The data plane needs NET_BIND_SERVICE to bind to privileged ports (below 1024). All other capabilities are dropped. The control plane binds to high ports (18080+) so it doesn’t need any special capabilities.

6. Logging and observability

Switch to structured JSON logging in production. Your log aggregation system will parse it more reliably than text formats.

dataplane:
  config:
    log:
      level: "info,nantian_core::connectors=off"
      format: "json"
      nonBlocking: true
      nonBlockingBufferedLines: 65536
      dropWhenFull: true

nonBlocking: true keeps the data plane from stalling on slow log writes. dropWhenFull: true discards log lines rather than blocking under extreme load.

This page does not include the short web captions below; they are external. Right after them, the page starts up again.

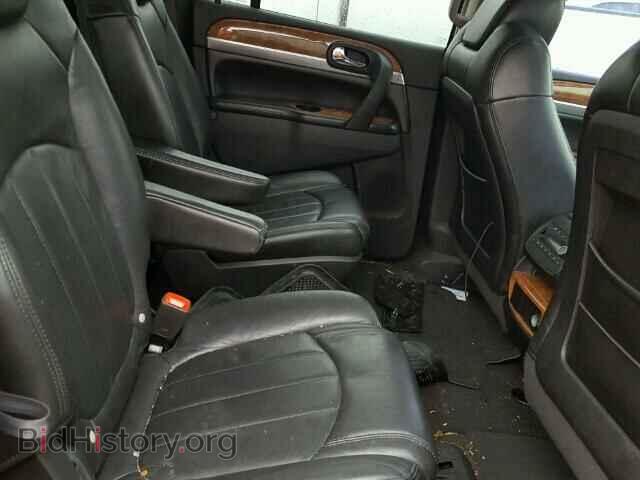 2008 BUICK ENCLAVE - VIN: 5GAEV23788J130062 - Фото 6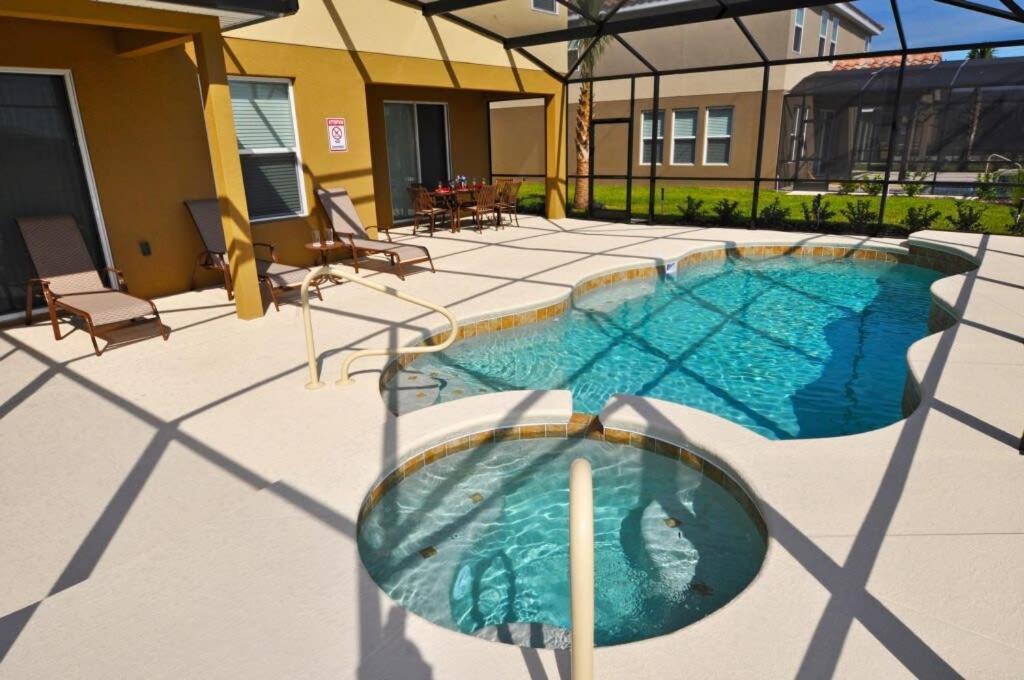 6Bed Pool Hm Solterra Resort Spa Game Rm-4183Od Davenport Exterior photo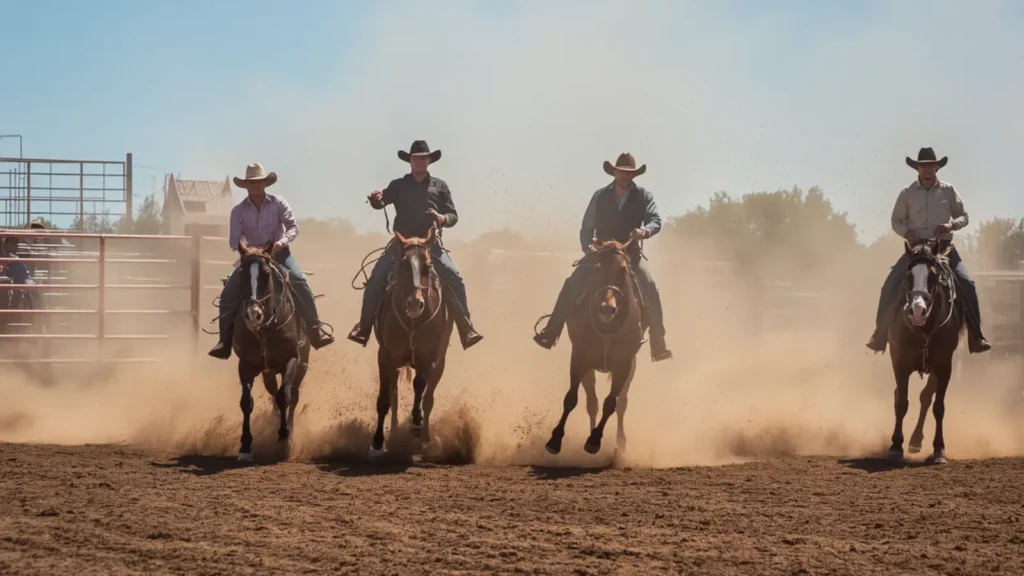 rodeo captions for instagram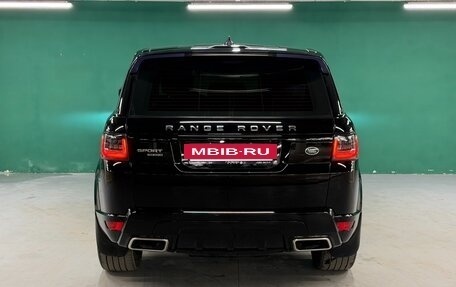 Land Rover Range Rover Sport II, 2018 год, 6 000 000 рублей, 6 фотография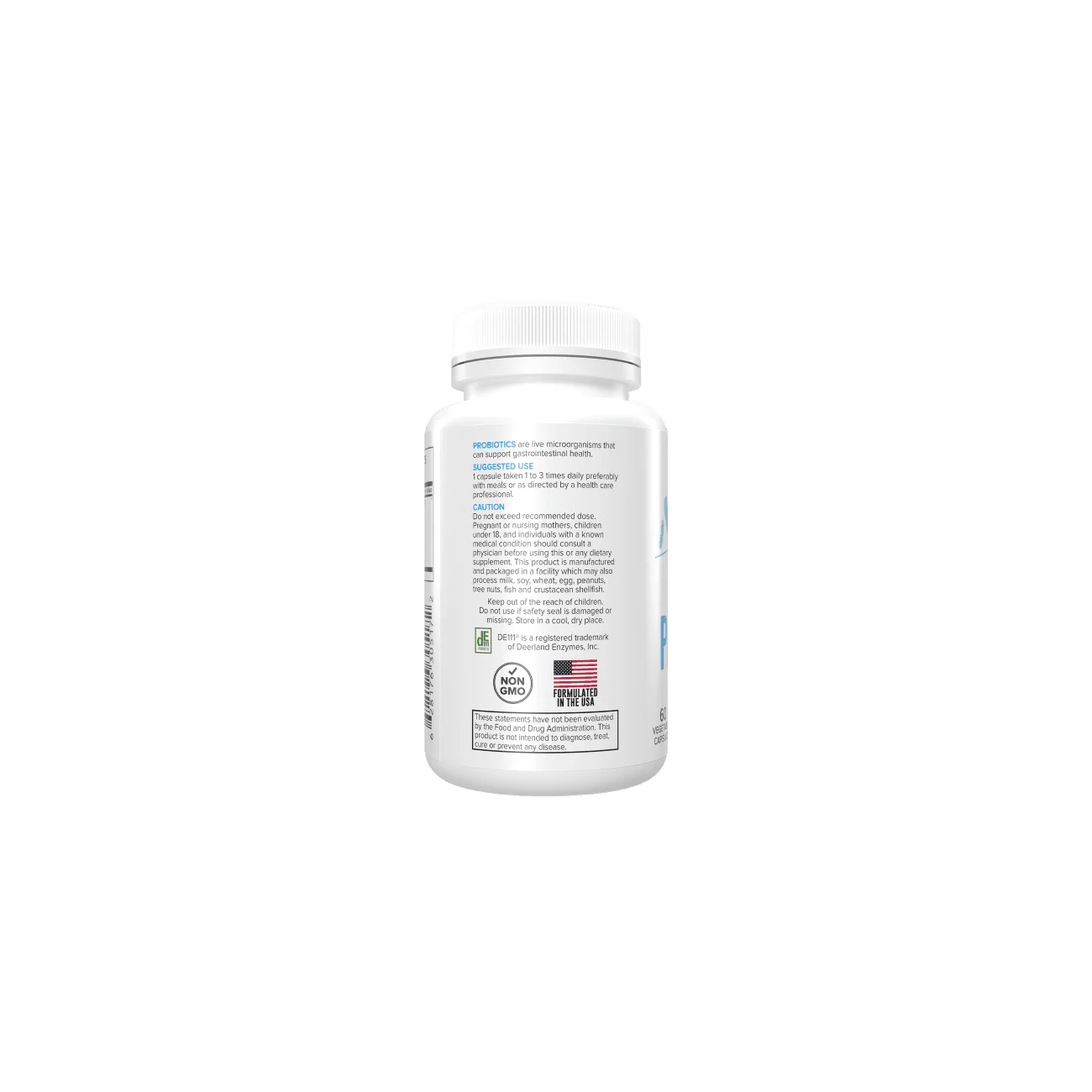 Portions Master Advanced Probiotic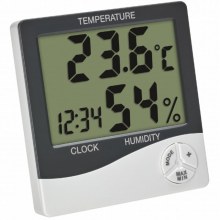 Tfa 30.5058.02 Ortam Sıcaklık ve Nem Ölçer Tfa 30.5058.02 Ortam Sıcaklık ve Nem Ölçer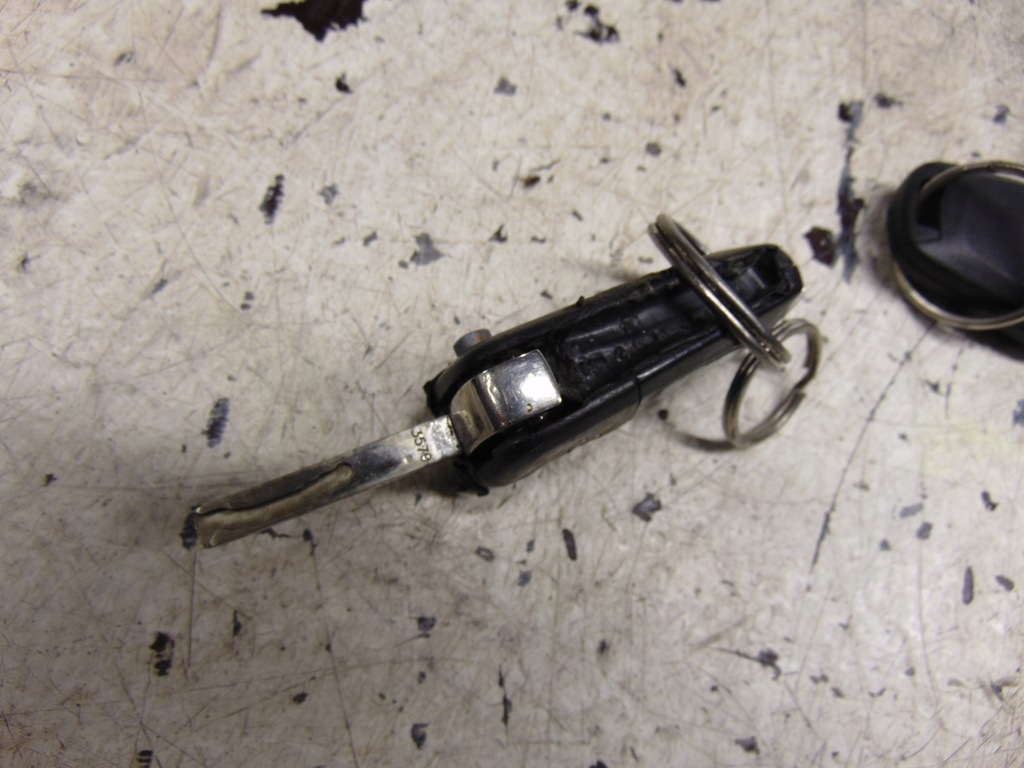 фото №10, Набор стартовый иммобилайзер opel astra iii h 1.7cdti europa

Enable access logging with a format that captures the fields your monitoring needs:

dataplane:
  config:
    accessLog:
      enabled: true
      path: "/var/log/nantian-gw/access.log"
      mode: "text"

For metrics, enable the ServiceMonitor resource if you’re using the Prometheus operator:

monitoring:
  serviceMonitor:
    enabled: true
    interval: "30s"

7. PodDisruptionBudget

PDBs prevent voluntary disruptions (node drains, cluster autoscaler) from taking down too many replicas at once.

controlplane:
  pdb:
    minAvailable: 1

dataplane:
  pdb:
    minAvailable: 2

With three data plane replicas and minAvailable: 2, the cluster can drain one node at a time without dropping below the minimum.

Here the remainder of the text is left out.